The Expanding Definition of a “Model”

One of the enduring challenges in non-financial risk governance is definitional: what counts as a model?

In traditional finance, a model is usually defined as a quantitative method, system, or approach that applies statistical, economic, financial, or mathematical theories. In non-financial domains, however, the “models” may include scenario simulations, natural language processing (NLP) tools, decision engines, or hybrid expert systems.

Consider a few examples:

  • A climate scenario model simulating the impact of global temperature increases on a company’s supply chain.
  • An ESG scoring algorithm combining structured (e.g., emissions data) and unstructured (e.g., news sentiment) inputs to generate third-party risk ratings.
  • A reputation analytics platform using AI to track brand perception and predict backlash risks based on public sentiment.

Each of these tools carries model risk: the possibility of flawed design, data bias, or inappropriate use—yet most were not built with formal model validation in mind.

Why Model Risk Governance Must Expand

Organizations are under growing pressure to manage and disclose risks that are inherently non-financial in origin but financial in consequence. Regulators are moving in that direction too. The ECB and PRA now expect climate-related models to undergo the same scrutiny as traditional risk models. Meanwhile, investors and customers alike demand greater transparency into ESG ratings and risk methodologies.

In this environment, applying MRM principles to new domains offers three core benefits:

1. Accountability in Uncharted Territory

Most climate or ESG models rely on assumptions, forward-looking projections, or third-party data. MRM frameworks require organizations to document assumptions, quantify uncertainty, and track changes over time—an essential discipline when dealing with “unknown unknowns.”

Example: A global bank applies model governance principles to a climate transition risk model. They establish internal guidelines for evaluating scenario inputs, such as carbon pricing and regulatory shifts, and create version-controlled model documentation to capture evolving assumptions.
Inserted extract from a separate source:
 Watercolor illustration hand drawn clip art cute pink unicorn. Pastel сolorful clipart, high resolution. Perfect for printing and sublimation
2. Cross-Functional Validation

Non-financial risk models often sit at the intersection of sustainability, risk, and data science. Applying MRM means forcing dialogue across silos—validating not just technical robustness but strategic fit and ethical implications.
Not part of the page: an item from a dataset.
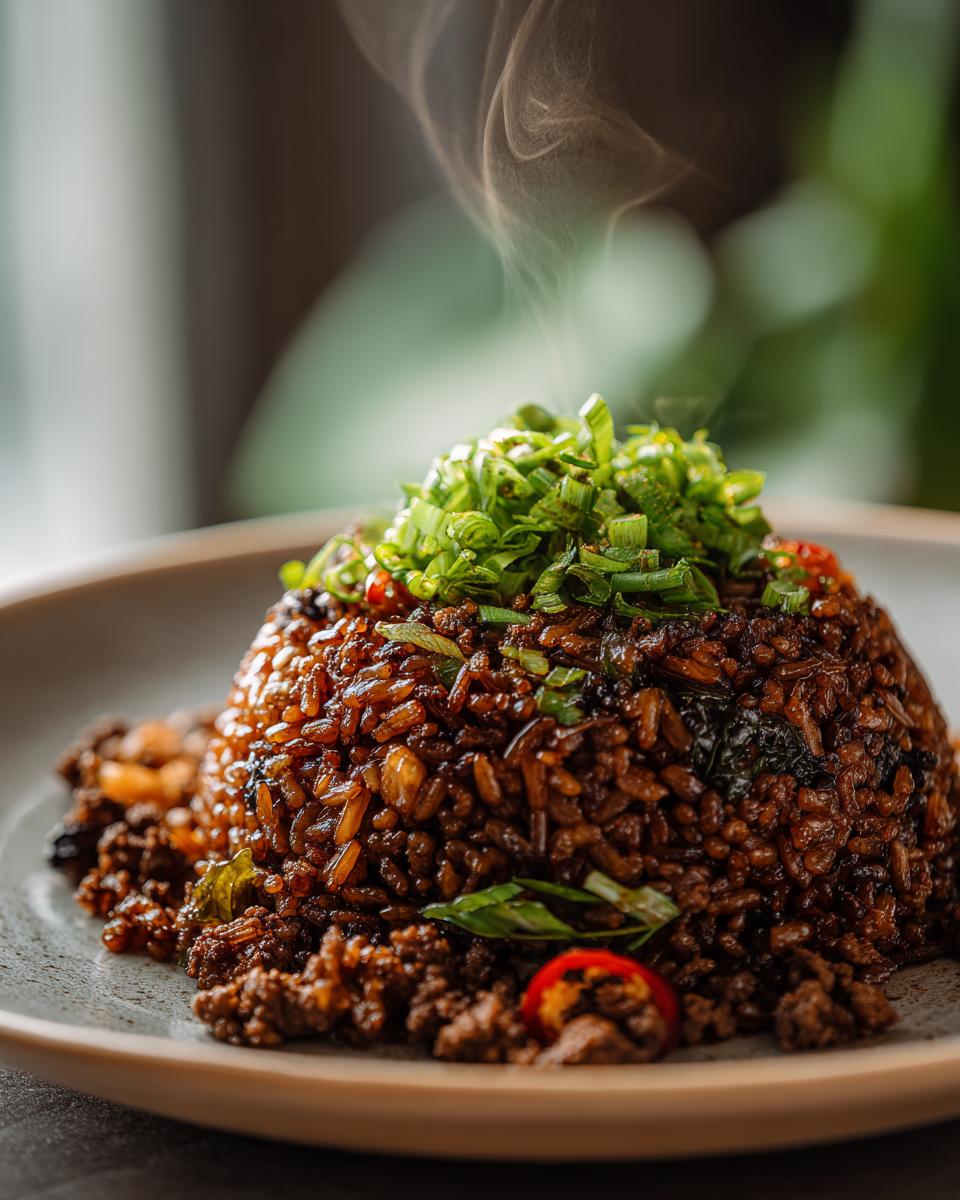 A mound of steaming hot Dirty Rice With Ground Beef, topped generously with fresh chopped green onions.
Example: A technology firm building an AI-powered reputational risk tool convenes a validation team that includes data scientists, risk managers, legal counsel, and public relations leaders to evaluate model sensitivity and unintended consequences.
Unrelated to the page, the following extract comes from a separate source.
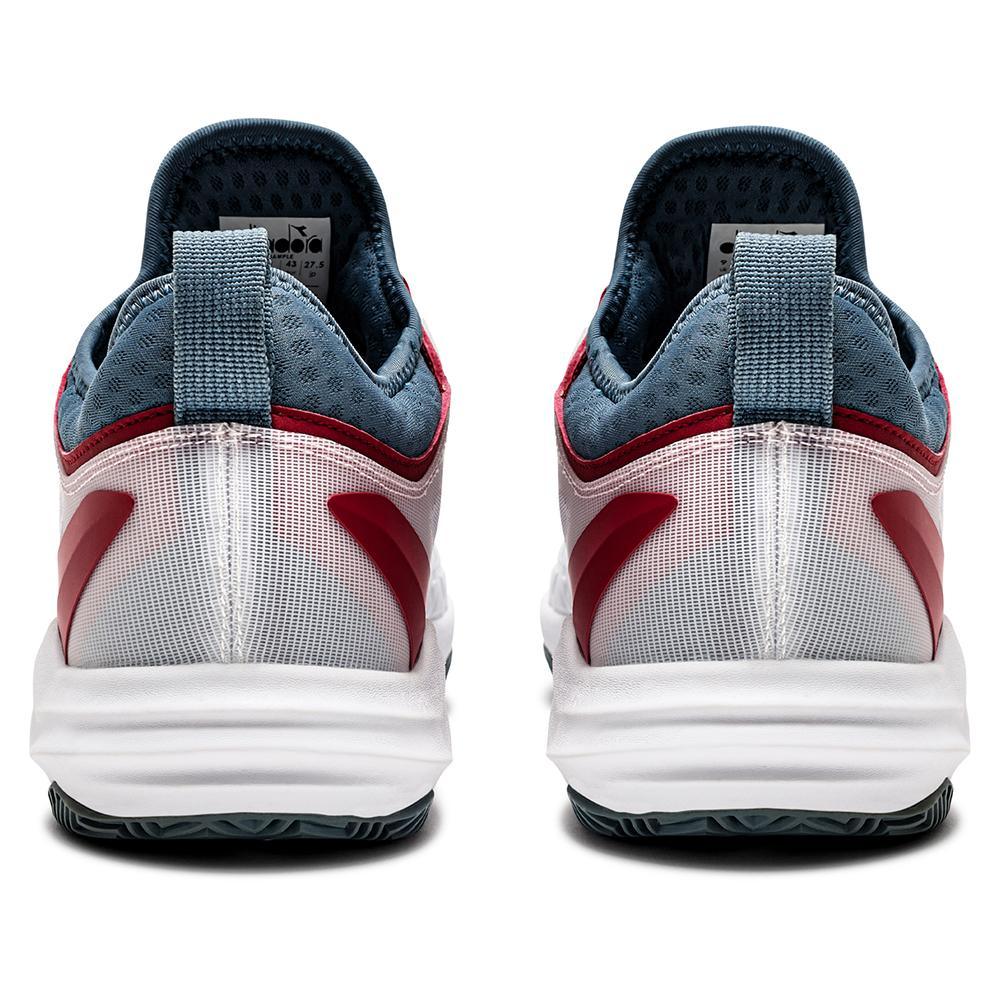 Men's Speed Blushield Fly 4 Clay Tennis Shoes White and Oceanview Footwear Diadora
3. Guardrails for AI and Vendor Models

Many ESG and reputational models are purchased from third parties. These black-box systems pose unique risks: limited transparency, inconsistent documentation, and unknown data sources.

MRM provides a due diligence framework for vendor model onboarding, including documentation reviews, bias testing, and performance monitoring.

Example: An asset manager integrates an ESG risk score from a vendor but applies internal MRM protocols to assess the methodology, test for regional data bias, and benchmark against alternative sources.

Designing an Extensible MRM Framework

To accommodate the diversity of non-financial models, organizations need a more flexible, extensible MRM architecture. This does not mean abandoning rigor—it means adapting controls to fit model context, complexity, and criticality.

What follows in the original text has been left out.